Rumours had already been spreading about the iBooks 3.0 after a developer accidentally added “requires iBooks 3.0″ or later. Having been busy writing new iBooks with iBooks Author all week for the new term, I was curious what this iBooks 3.0 would contain. Hoping for new awesome features that I could add to my books.
Unfortunately I was quite disappointed with today’s iBooks 3.0 announcement.
At today’s Apple Event, within 15 minutes of the presentation, Tim Cook showcased the new iBooks 3.0. The new features seem to be continuous scrolling and sharing quotes via mail, Twitter or Facebook. Anticlimax.
While sharing to social media can be fun, I don’t see a way of structurally implementing this into the classroom.
As my students are writing all of their exercises in their iBook, I want to see a way of exporting those notes to some sort of note-taking app. Be that Pages, Evernote or Notability. The notes that all of the students make in their iBooks are saved to beautifully in the study cards section. It would be so nice if we could actually do something with those, other than emailing them to the teacher.

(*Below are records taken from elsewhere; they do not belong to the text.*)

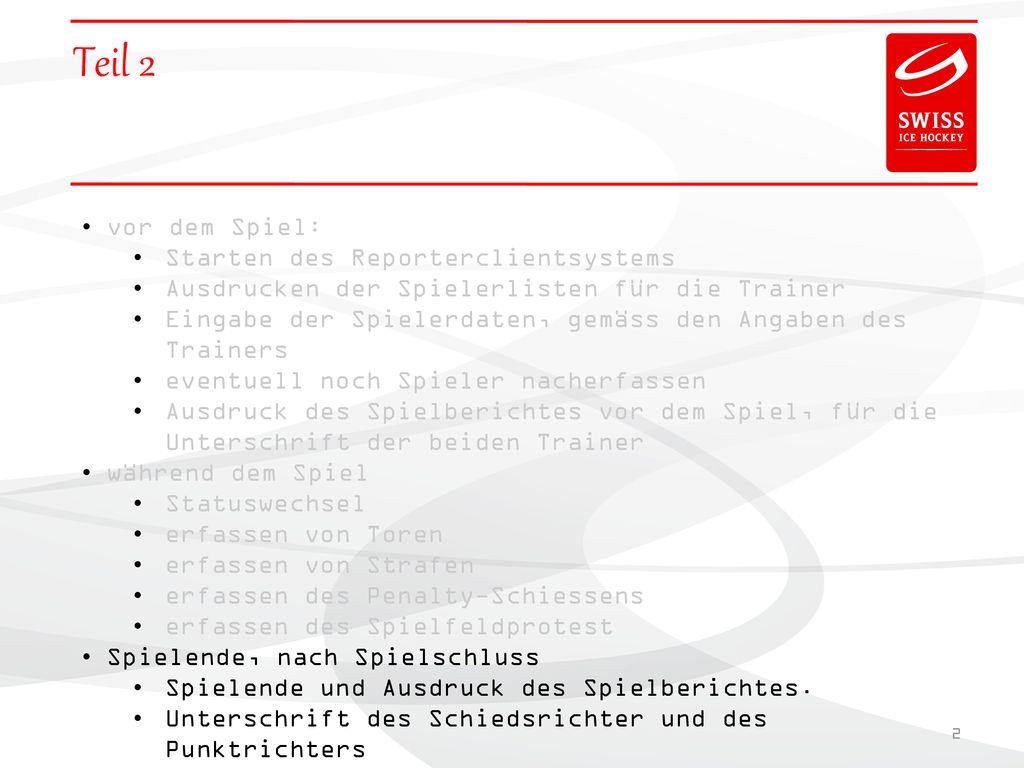 Teil 2 vor dem Spiel: Starten des Reporterclientsystems
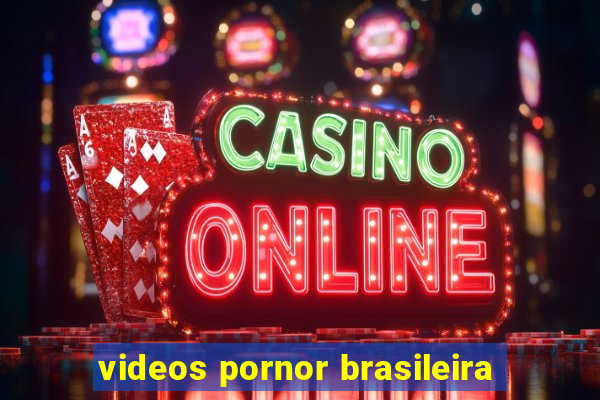 videos pornor brasileira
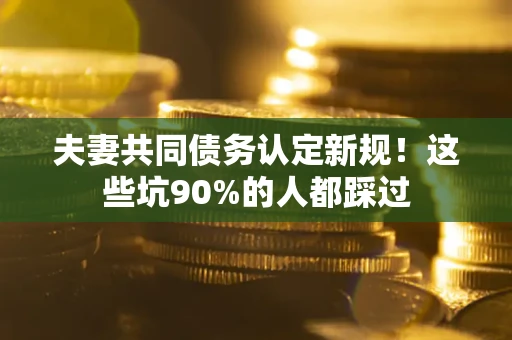 济南夫妻共同债务认定新规！这些坑90%的人都踩过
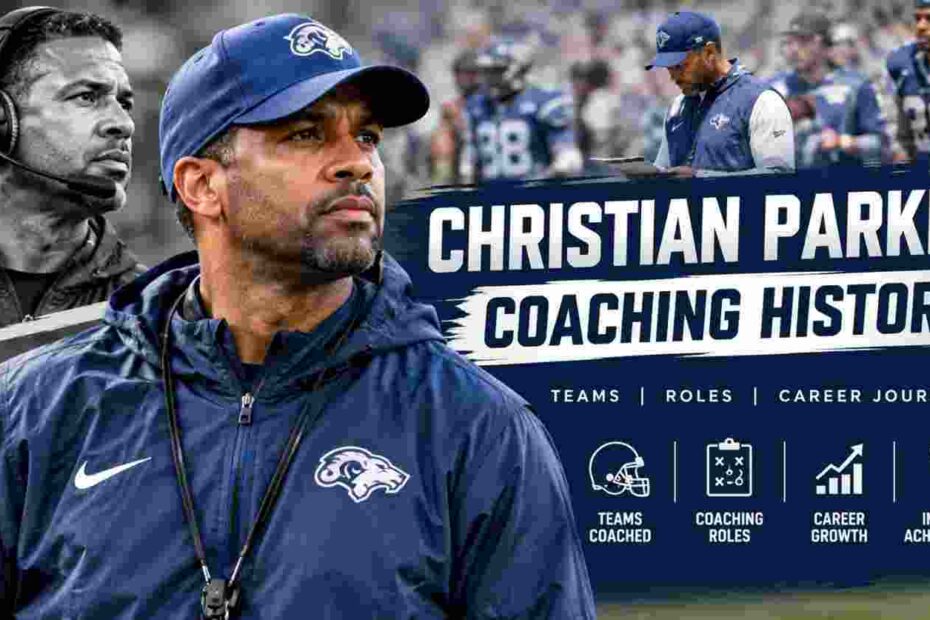 Christian Parker coaching history and football coaching career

After all of the Mac and iMac talk, Tim Cook briefly mentioned a new iBooks Author update which now comes with multi-touch widgets. I guess I’ll have to try those out first before I pass my judgment on that.
Next came the iPad Mini
Apparently it is not just a shrunken down version of the iPad, though other than the ability to be to easily hold it in one hand. It has got the same pixel dimension as the big iPad which I guess is great for developers and publishers as they do not have to create new apps especially for the iPad Mini.
“If you love using facebook on the iPad, you’ll love it on the Mini. If you love using apps like Paper you’ll love it on the iPad Mini. If you love racing games, you’ll live it on the Mini”

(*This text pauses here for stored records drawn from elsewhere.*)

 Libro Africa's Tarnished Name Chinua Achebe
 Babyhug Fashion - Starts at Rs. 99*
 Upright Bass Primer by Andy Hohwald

So iPad or iPad Mini, I guess it all comes down to your own preference and style.
As for the price of $329, this could be interesting for our school. At the Berlage Lyceum we offer parents the possibility to buy the iPad from the school or buy it in the store on their own. Either way the parents pay for the device. The parents of our newest students made a choice to do this when they sent their kids to our school. The parent’s of our older students didn’t, therefore it was optional for them. Naturally not all parents can afford or wanted to spend that much money on a device that has little proven succes results so far. This left us with the undesirable situation of having classes where the majority of the students had an iPad and a few students didn’t. For this group of parents the iPad Mini, though I would have liked to have seen it cheaper, it might be a little more affordable. Parents are free to chose other tablets but, as the iPad-Coordinator at our school, I’d rather have students bring in an iPad Mini than an Android Tablet as it solves many compatability problems.
How do you think the iPad Mini will affect the iPad implementation at your school?